A total lunar eclipse occurs when the Earth comes directly between the sun and moon.
ILLUSTRATION: LUNAR CHART BY JANET JANIFER
The Seasonal Almanac shares astronomical and nature events, this issue includes information on the upcoming January 2000 total lunar eclipse. (See the lunar chart in the image gallery.)
A perfect night to set your eyes sky ward will be January 20, 2000. Many of you will need to bundle up before heading outside, but if your skies are clear, it will be worth braving the cold: You will be treated to the sight of the excellent upcoming January 2000 total lunar eclipse.

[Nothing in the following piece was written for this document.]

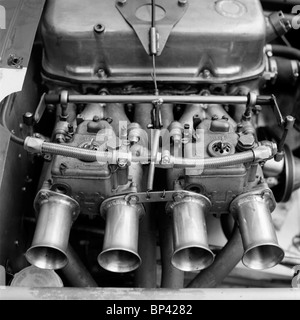 Weber carburettors of a 4-stroke 4-cylinder in-line race car. Stock Photo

A total lunar eclipse occurs when the Earth comes directly between the sun and moon. When that happens, the moon passes completely into Earth's central shadow or umbra (the Earth's less dark, peripheral shadow that borders the umbra is called the "penumbra"). The interesting thing is that Earth's umbra is rarely completely dark and colorless. Usually, the red sunrise and sunset glows from all around the Earth at eclipse time are "refracted" (bent) around the Earth's solid body into the umbra, which therefore paints the moon predominately reddish during total eclipse.

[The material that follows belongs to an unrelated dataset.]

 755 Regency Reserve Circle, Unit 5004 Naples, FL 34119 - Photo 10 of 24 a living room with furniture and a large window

This is the first total lunar eclipse for North America since 1996 and its longest since 1989. The accompanying diagram gives times and shows which parts of the moon will be covered at different stages. If you happen to be watching far from city lights, note how the few stars of this full-moon night kindle to a multitude by the time the moon is dimmed at total eclipse.
The farther east you are in North America, the later in the evening the eclipse occurs—but also the higher in the sky (almost overhead on the East Coast).